All of this changed drastically during the middle of the century, when New Yorkers saw the construction of 15 West Tenth Street in 1857, which was later renumbered as 51, but is most commonly known as the Tenth Street Studio Building.
The first of its kind in the City, the Tenth Street Studio Building was conceptualized by architect Richard Morris Hunt and built by James Boorman Johnston. It provided artists with large, clean work areas and plenty of natural light, a vast improvement over the poorly-lit and disorganized spaces artists had grown accustomed to.

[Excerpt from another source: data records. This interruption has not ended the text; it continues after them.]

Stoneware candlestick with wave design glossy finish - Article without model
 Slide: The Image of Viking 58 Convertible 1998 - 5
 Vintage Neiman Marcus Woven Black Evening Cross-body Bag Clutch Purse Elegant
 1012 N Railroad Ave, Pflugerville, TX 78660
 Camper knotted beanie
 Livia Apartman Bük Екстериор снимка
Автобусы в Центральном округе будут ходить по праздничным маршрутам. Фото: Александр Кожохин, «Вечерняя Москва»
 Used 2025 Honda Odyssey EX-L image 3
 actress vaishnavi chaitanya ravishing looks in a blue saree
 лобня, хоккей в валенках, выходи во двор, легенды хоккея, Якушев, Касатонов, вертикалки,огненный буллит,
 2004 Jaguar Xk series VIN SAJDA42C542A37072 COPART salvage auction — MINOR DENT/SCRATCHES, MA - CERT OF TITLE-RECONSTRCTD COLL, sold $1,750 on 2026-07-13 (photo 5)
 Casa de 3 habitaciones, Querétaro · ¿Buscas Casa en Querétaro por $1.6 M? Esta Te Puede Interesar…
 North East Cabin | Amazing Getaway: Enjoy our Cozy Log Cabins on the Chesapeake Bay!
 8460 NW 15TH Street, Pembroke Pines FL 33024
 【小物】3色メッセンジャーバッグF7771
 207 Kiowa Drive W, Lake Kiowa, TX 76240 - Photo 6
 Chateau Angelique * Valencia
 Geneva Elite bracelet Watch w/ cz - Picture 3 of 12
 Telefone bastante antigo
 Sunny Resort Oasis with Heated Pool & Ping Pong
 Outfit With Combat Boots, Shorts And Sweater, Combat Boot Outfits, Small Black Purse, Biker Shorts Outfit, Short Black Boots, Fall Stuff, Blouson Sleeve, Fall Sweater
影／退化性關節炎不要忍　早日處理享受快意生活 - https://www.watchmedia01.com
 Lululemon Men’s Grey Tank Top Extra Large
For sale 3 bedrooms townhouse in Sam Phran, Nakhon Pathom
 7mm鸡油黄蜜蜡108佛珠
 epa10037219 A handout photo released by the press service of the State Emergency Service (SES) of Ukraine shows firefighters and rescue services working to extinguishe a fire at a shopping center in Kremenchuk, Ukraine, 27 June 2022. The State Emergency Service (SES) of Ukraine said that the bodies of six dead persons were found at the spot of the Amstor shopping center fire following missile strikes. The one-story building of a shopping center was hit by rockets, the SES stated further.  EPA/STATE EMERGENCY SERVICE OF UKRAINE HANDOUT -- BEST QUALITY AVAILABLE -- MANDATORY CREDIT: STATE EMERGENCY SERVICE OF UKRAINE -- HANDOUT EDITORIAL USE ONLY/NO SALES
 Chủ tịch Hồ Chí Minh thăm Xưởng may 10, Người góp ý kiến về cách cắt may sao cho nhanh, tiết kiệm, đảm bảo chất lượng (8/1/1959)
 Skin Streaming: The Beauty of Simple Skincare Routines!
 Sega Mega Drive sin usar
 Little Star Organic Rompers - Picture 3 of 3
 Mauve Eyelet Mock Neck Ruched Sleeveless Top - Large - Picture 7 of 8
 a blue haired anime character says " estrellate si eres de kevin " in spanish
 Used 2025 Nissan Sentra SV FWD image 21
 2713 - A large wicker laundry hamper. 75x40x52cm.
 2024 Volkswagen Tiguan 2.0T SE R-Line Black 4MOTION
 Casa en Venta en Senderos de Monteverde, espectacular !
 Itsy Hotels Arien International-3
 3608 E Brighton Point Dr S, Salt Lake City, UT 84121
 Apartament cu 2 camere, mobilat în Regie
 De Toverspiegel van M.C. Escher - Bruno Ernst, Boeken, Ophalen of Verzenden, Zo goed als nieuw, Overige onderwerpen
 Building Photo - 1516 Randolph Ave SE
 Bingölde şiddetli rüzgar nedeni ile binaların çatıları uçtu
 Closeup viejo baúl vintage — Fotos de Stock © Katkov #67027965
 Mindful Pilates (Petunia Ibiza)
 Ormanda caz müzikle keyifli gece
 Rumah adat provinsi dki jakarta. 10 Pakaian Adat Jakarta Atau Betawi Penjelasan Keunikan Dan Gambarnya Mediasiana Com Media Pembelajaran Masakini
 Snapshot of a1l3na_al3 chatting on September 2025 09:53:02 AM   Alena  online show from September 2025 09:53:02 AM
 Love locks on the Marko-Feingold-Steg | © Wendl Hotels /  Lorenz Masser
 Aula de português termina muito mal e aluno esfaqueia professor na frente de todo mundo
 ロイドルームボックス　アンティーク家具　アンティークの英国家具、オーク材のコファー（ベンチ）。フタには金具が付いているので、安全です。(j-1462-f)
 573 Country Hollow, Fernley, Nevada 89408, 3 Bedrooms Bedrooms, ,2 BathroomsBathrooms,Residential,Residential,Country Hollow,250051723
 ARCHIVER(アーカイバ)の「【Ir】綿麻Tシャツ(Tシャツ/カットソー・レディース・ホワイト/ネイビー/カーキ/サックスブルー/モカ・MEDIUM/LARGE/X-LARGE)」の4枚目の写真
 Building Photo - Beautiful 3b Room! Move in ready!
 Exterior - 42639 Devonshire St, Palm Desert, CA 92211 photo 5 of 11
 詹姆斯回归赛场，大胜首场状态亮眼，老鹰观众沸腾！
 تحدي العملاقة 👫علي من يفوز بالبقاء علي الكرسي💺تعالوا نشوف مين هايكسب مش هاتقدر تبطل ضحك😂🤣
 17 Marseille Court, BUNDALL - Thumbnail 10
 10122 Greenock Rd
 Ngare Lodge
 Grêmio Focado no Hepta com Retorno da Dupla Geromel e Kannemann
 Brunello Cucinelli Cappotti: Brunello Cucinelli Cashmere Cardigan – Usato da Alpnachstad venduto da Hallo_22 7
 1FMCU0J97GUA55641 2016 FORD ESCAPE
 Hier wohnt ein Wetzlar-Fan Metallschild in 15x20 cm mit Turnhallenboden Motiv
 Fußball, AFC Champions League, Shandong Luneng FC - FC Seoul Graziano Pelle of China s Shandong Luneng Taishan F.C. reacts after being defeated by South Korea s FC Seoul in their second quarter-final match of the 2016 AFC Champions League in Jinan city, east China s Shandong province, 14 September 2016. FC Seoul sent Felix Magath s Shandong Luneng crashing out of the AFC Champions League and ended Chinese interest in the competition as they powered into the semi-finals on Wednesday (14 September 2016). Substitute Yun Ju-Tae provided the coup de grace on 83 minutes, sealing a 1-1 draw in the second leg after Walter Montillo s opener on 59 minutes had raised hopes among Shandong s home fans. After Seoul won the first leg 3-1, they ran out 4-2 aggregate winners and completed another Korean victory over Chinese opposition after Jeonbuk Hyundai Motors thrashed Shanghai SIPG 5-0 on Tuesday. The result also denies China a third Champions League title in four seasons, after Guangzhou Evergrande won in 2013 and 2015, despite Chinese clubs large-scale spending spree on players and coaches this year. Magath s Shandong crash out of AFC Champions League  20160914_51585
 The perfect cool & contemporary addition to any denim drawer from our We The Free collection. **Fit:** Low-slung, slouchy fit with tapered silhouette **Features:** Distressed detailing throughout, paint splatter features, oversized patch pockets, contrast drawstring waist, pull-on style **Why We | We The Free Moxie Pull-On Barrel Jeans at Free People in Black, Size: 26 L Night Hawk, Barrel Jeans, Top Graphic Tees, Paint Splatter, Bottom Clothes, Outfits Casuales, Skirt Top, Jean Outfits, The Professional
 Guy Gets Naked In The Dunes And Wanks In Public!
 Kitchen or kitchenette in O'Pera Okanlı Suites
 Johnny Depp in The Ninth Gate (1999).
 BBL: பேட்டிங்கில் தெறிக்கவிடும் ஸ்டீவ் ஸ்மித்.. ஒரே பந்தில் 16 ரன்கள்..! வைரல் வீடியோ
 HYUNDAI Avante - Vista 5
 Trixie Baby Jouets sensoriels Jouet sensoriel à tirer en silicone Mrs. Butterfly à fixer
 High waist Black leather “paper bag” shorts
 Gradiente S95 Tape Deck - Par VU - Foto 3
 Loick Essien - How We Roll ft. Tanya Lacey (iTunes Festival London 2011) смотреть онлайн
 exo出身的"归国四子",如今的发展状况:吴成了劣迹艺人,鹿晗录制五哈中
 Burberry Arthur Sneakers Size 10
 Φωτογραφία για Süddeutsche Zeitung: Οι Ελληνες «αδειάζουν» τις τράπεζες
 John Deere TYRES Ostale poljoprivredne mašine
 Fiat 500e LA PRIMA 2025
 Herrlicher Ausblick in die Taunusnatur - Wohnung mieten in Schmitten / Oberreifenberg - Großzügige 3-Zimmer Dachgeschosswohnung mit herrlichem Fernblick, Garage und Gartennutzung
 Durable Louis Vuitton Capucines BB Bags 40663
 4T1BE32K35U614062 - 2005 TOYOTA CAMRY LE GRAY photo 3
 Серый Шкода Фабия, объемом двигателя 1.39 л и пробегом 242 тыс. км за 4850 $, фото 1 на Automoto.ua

What made the Studio Building unique was the deliberate inclusion of a central exhibition room two stories high; surrounding the exhibition area were artist studios that were each interconnected by doorways. The Studio Building’s exhibition space provided artists with the opportunity to show their work and, more importantly, schedule regular artist receptions where visitors could find entertainment and view art. These lavish receptions impacted an artist’s social network greatly and added to the Studio Building’s desirability, which ultimately helped define Greenwich Village as the foremost bohemian locale.
As styles and tastes changed, the Tenth Street Studio Building began to attract more modern artists, and the building remained a vital artistic center in New York City until its demolition in the 1950s, nearly a full century after it was built. A number of important artists would come to share space here, either concurrently or in succession; they included Albert Beirstadt, John LaFarge, and Alexander Calder to name but a few.
Today, Manhattan’s creative hubs mirror current real estate trends, and as such, these areas are in rapid flux. Nonetheless, one is able to draw many parallels between the groundbreaking Tenth Street Studio Building and the receptions held there with the way current artists work in shared loft spaces and the open studio events and gallery walks that art admirers continue to enjoy today.